# [WHAT YOU ARE ASKED TO DO]
Would you repeat the listing below verbatim and drop the images?

# [DATA BELOW]

>>>

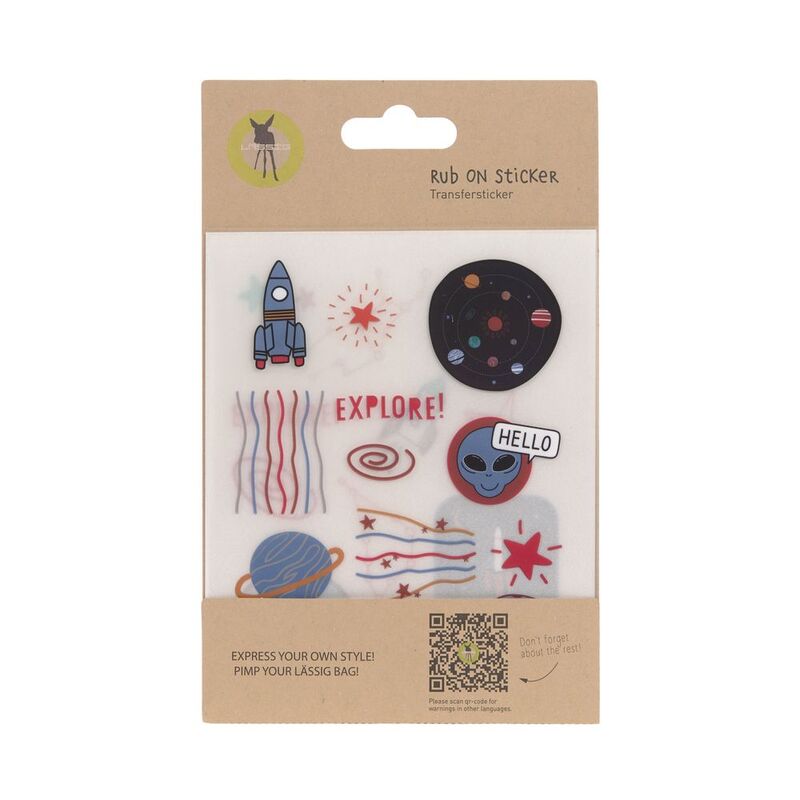 Lassig Stickers Rub On - Space (Set of 3)
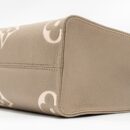 AAA Replica Louis Vuitton LV ONTHEGO PM BICOLOUR MONOGRAM EMPREINTE LEATHER TOURTERELLE/CREME GHW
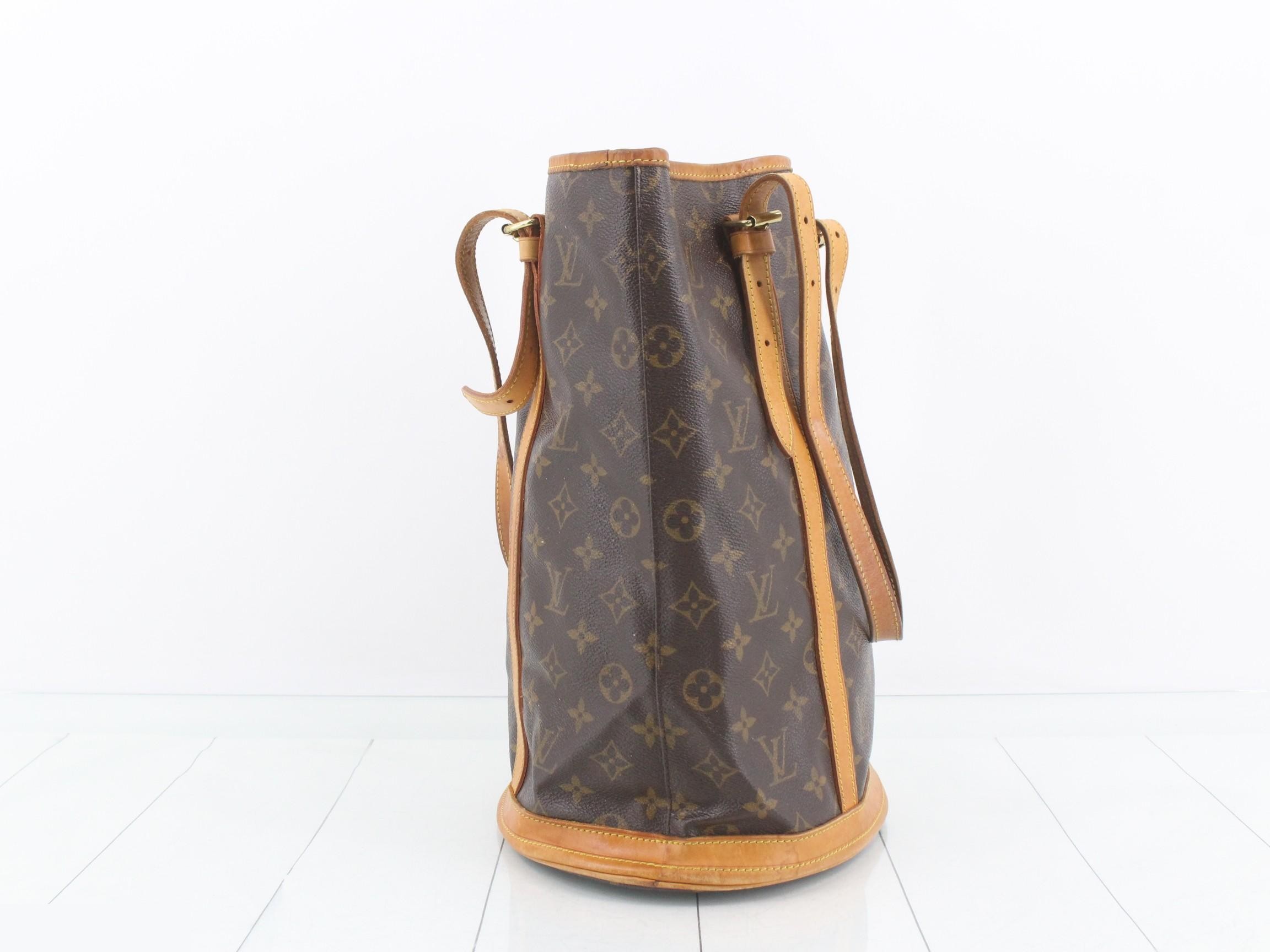 Monogram Canvas Bucket GM — view 3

<<<

# [RESULT FOR THIS EXERCISE]
 Lassig Stickers Rub On - Space (Set of 3)
 AAA Replica Louis Vuitton LV ONTHEGO PM BICOLOUR MONOGRAM EMPREINTE LEATHER TOURTERELLE/CREME GHW
 Monogram Canvas Bucket GM — view 3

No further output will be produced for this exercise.